Data to process.
--- START ---
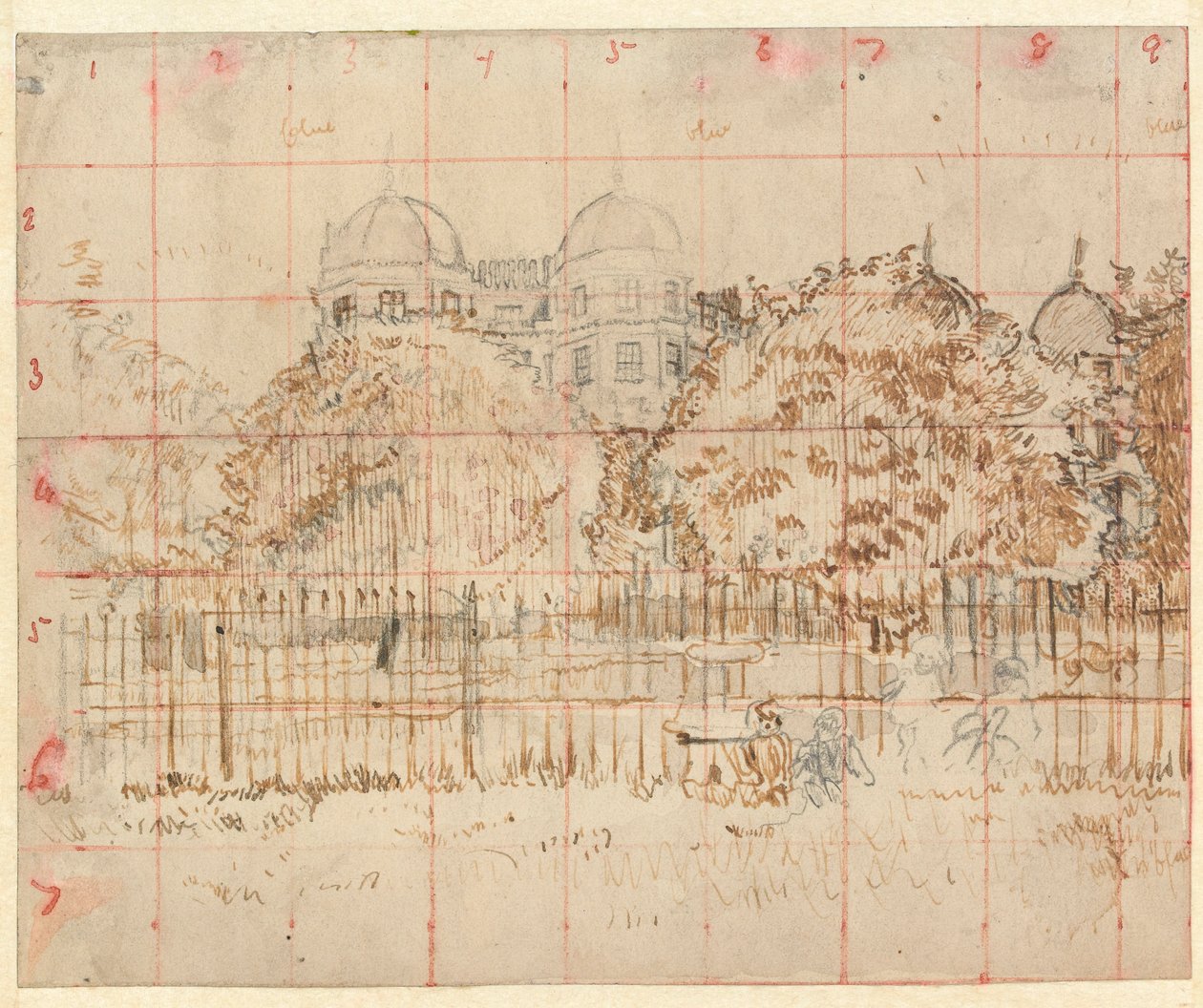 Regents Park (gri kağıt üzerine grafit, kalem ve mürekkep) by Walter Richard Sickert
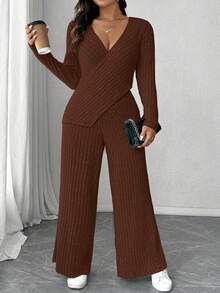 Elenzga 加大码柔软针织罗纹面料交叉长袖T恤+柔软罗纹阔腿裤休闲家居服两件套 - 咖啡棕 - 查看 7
--- END ---
--- START ---
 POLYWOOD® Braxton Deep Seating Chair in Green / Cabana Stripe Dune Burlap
--- END ---
--- START ---
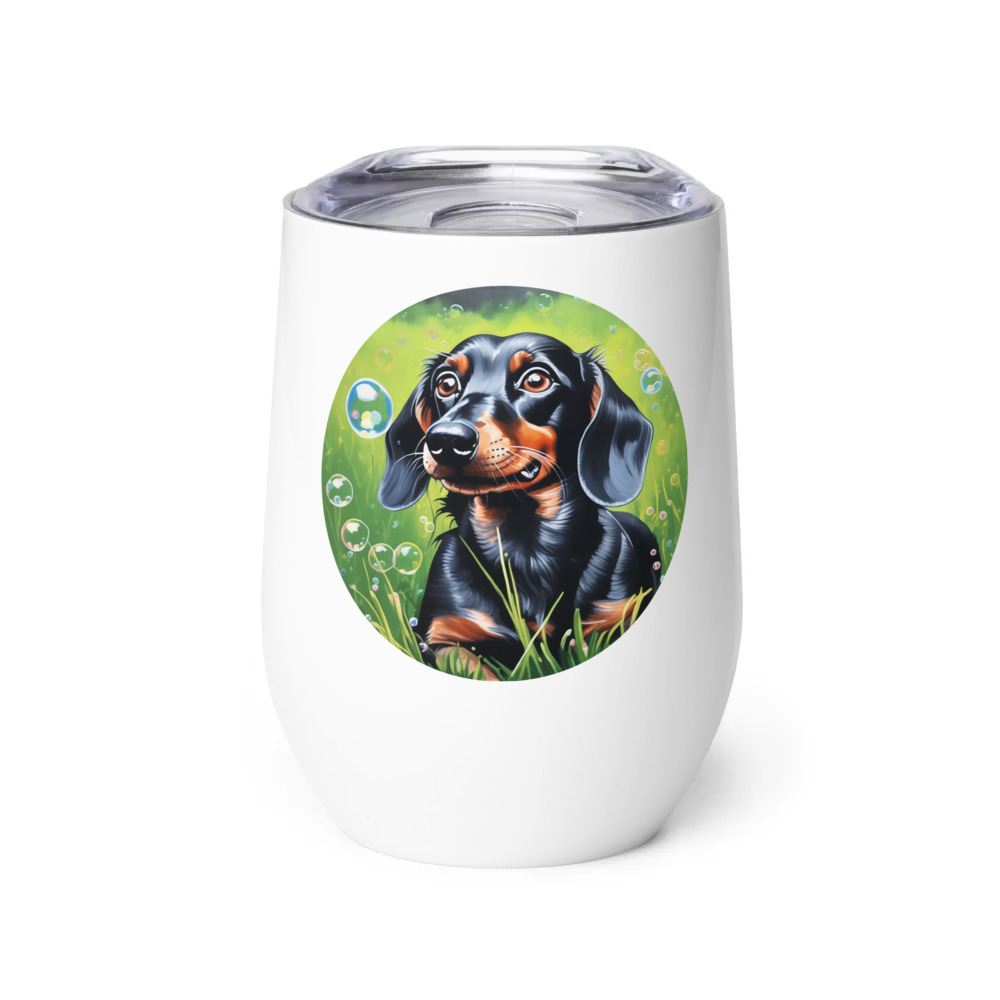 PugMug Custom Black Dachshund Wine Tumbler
--- END ---
Your output should be the lines above from the one that contains "Regents Park (gri" through the one that contains "Elenzga 加大码柔软针织罗纹面料交叉长袖T恤+柔软罗纹阔腿裤休闲家居服两件套 - 咖啡棕", word for word, with pictures left out.

Solution to the problem.
 Regents Park (gri kağıt üzerine grafit, kalem ve mürekkep) by Walter Richard Sickert
 Elenzga 加大码柔软针织罗纹面料交叉长袖T恤+柔软罗纹阔腿裤休闲家居服两件套 - 咖啡棕 - 查看 7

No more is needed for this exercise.